IN THE HIGH COURT OF JUDICATURE AT MADRAS

DATED :: 13-10-2022

CORAM

THE HONOURABLE MR.JUSTICE N.SATHISH KUMAR

W.P.No.15003 of 2016

Dr.M.A.M.Ramaswamy Chettiar of Chettinad Charitable Trust, rep.by its Managing Trustee    
Dr.A.C.Muthiah

1.The Tahsildar,

Mylapore-Triplicane Taluk,

Mylapore,

Chennai- 600 028.

-vs-

Petitioner
2.M.A.M.R.Muthiah Respondents

Petition under Article 226 of the Constitution of India, praying for issuance

of a writ of certiorari, to call for the records relating to the order of the first respondent herein in B4/11118/2015, dated 10.03.2016, and quash the same.

For Petitioner : Mr.R.Srinivas,       for M/s.S.Sithirai Anandam.

For Respondent 1 : Mr.V.Arun,

Additional Advocate General,  assisted by Mr.T.Venkatesh Kumar,  Special Government Pleader.

For Respondent 2 : Mr.M.S.Krishnan,   Senior Counsel,   for Mr.T.Balaji

ORDER

This Writ Petition has been filed challenging the impugned order of the first

respondent in proceedings No.B4/11118/2015, dated 10.03.2016, issuing Legal Heirship Certificate to the second respondent.

  1. The brief facts leading to the filing of this Writ Petition are that the

leading industrialist Dr.M.A.M.Ramaswamy is said to have adopted the second respondent by an adoption deed, dated 09.02.1996.  After the said adoption, the second respondent and Dr.M.A.M.Ramaswamy were residing together for several years. After some time, a dispute arose between the father and the son in the year 2014. The adoptive mother expired on 24.03.2006 and the adoptive father died on 02.12.2015. During his lifetime, it appears that, Dr.M.A.M.Ramaswamy executed a Will in favour of the petitioner in respect of certain properties. After the death of Dr.M.A.M.Ramaswamy, the second respondent applied to the first respondent for Legal Heirship Certificate on 09.12.2015. The first respondent, on receipt of the said application, called for objections and pursuant to the same, the writ petitioner and four others filed objections for grant of Legal Heirship Certificate in favour of the second respondent.  The objections mainly relate to questioning the very adoption itself.  In the objections, they raised a point that the adoption was cancelled and, therefore, the Legal Heirship Certificate cannot be issued.  After hearing both sides, the first respondent, took note of the fact that in the earlier Legal Heirship Certificate, which was issued after the death of the adoptive mother, the name of the second respondent was also shown as a legal heir along with the adoptive father.  That apart, the Ration Card issued by the authority concerned also

contained the name of the second respondent as a family member and Dr.M.A.M.Ramaswamy, as the head of the family.  Considering the said aspects, the first respondent issued Legal Heirship Certificate to the second respondent.  Challenging the said Legal Heirship Certificate, the entire proceedings are sought to be quashed in this Writ Petition.
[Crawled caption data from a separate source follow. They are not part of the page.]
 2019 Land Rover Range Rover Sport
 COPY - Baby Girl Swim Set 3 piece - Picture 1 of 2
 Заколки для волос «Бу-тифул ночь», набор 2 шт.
  1. Disputing the pleadings in the writ petition, the second respondent has

filed a counter, questioning the locus of the petitioner to challenge the Legal Heirship Certificate.  According to the second respondent, the petitioner is a stranger to the family and he has no right whatsoever to question the adoption or Legal Heirship Certificate.

Accordingly, he sought for dismissal of the Writ Petition.
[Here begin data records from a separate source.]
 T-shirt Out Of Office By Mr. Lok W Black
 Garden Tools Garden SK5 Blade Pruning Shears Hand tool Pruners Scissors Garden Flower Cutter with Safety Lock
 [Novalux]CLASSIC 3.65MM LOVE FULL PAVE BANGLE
  1. Though the Writ Petition has been filed challenging the issuance of the Legal Heirship Certificate, the entire pleadings focussed on the validity of the adoption and the rights of the parties.
  2. The contention of the petitioner is that the adoption of the second

respondent in the year 1996 is not valid under law as per the Hindu Adoptions and Maintenance Act,1956.  It is the main contention of the petitioner that at the relevant point of time the second respondent was aged more than 15 years and, therefore, the adoption is void ab initio.  Therefore, the question raised in this Writ Petition is mainly with regard to the validity of adoption.  Though several pleadings have been made in the Writ Petition, this Court is of the view that to decide the issue with regard to the impugned order passed by the first respondent, the pleadings with regard to the validity of the adoption deed and its genuineness are irrelevant, as, to question any valid document and non-suit the adoption, the forum is different.  It is a matter of evidence based on proof and disproof on certain facts.  Therefore, this Court is of the view that irrespective of various pleadings made in the writ petition, those pleadings are irrelevant to the issue, which pertains only to issuance of Legal Heirship Certificate.
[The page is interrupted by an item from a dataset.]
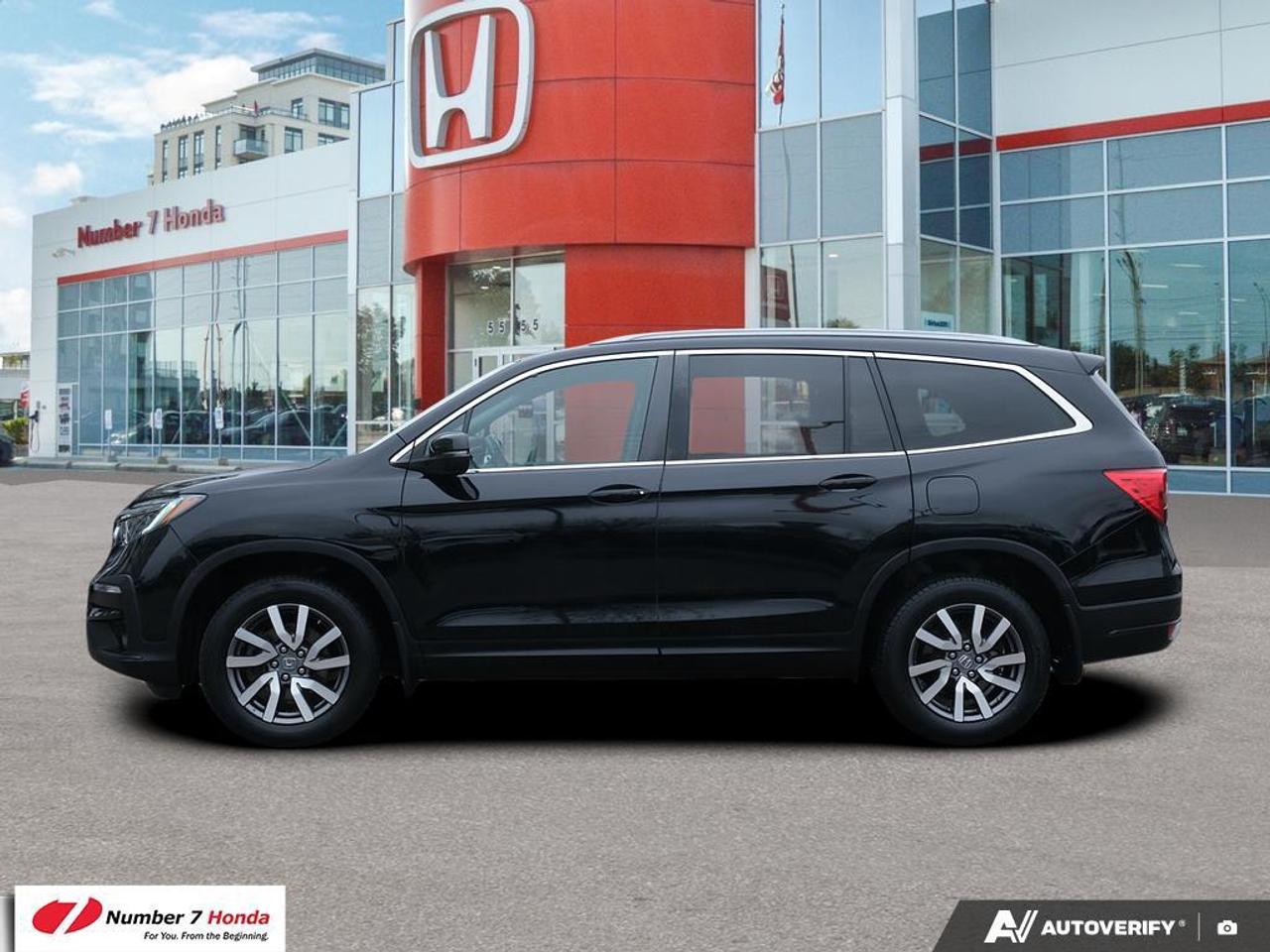 2021 Honda Pilot EX-L Navi AWD Photo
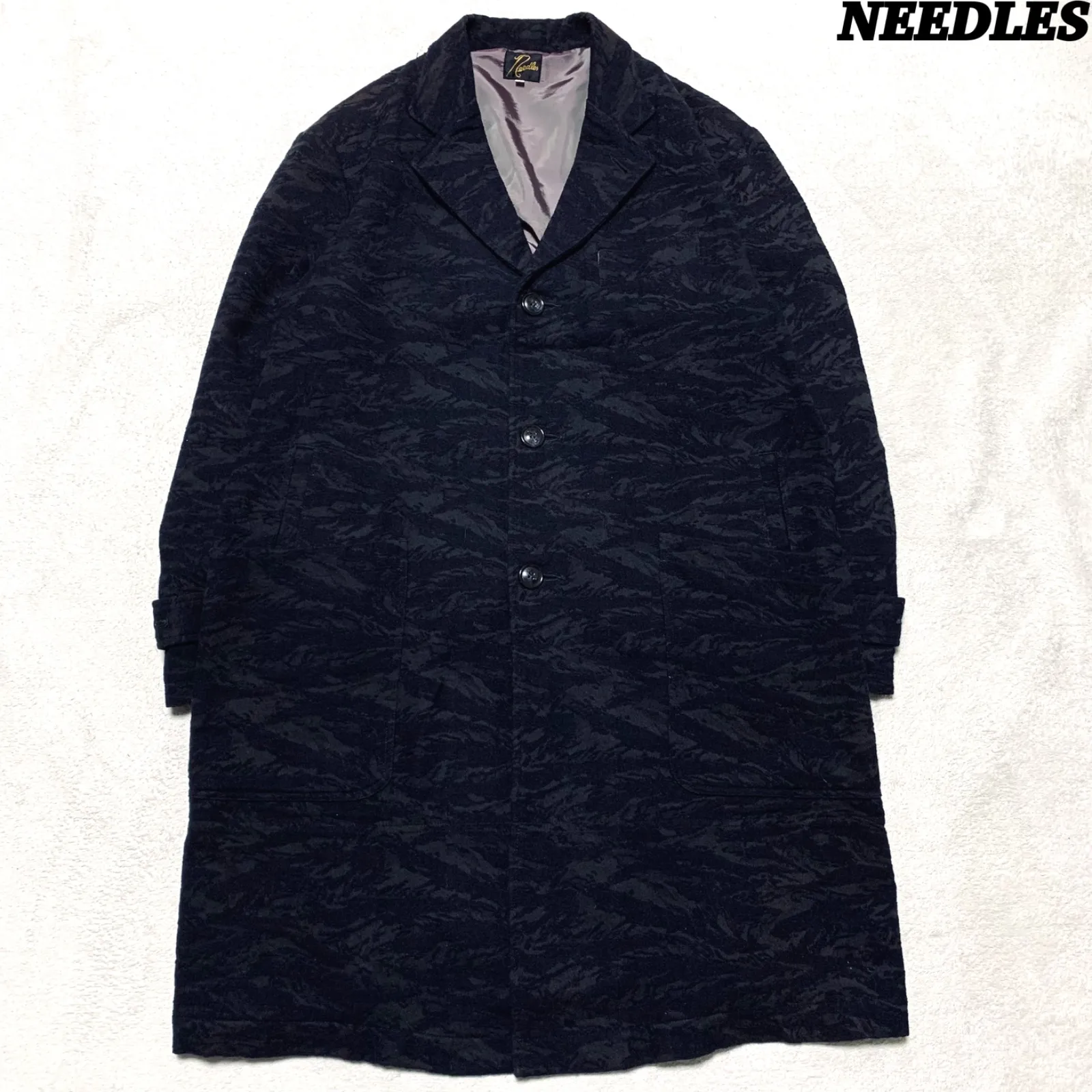 2026年最新】Needles メンズ チェスターコートの人気アイテム - メルカリ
  1. R.Srinivas, learned counsel for the petitioner, mainly argued on the

validity of the adoption deed.  It is his contention that as per Section 10 (iv) of the Hindu Adoptions and Maintenance Act, 1956, the adoption is void.  According to him, since the person adopted at the relevant point of time was aged about 24 years, the Tahsildar ought not to have issued the Legal Heirship Certificate in favour of the second respondent.  It is his further contention that burden also lies on the person, who pleads adoption, to establish the issue.  When serious objections had been raised, the same were not considered by the Tahsildar.  He also submitted that a Will was also executed in favour of the petitioner on 18.02.2015 bequeathing all the properties of Dr.M.A.M.Ramaswamy. Now, the Will is in the process of Probate in T.O.S.No.27 of 2021 on the file of this Court.  Therefore, his contention is that the petitioner has every right to object to the issuance of Legal Heirship Certificate in favour of the second respondent.  In support of his submissions, the learned counsel relied upon the following decisions :

  • Rathnamma and Others v. Sujathamma and Others, (2019) 19 SCC 714,

wherein it has been held as under :

”16. This Court in a judgment reported as Salekh Chand (Dead) by LRs v. Satya Gupta & Ors., while dealing with the claim of adoption under the Hindu Adoption and Maintenance Act, 1966, held as under:

  1. It is incumbent on party setting up a custom to allege and prove the custom on which he relies. Custom cannot be extended by analogy. It must be established inductively and not by a priori methods. Custom cannot be a matter of theory but must always be a matter of fact and one custom cannot be deduced from another. It is a wellestablished law that custom cannot be enlarged by parity of reasoning.”
  • M.Subramaniam v. Parvathiammal, AIR 2017 Mad 37, wherein, it is

held as under :

”23. The Hon’ble Supreme Court had again reiterated in

Daulatrao Jairamji vs. Harishchandra and others reported in AIR 1972 SC 2446, the burden of proof of adoption is on the person, who claims adoption.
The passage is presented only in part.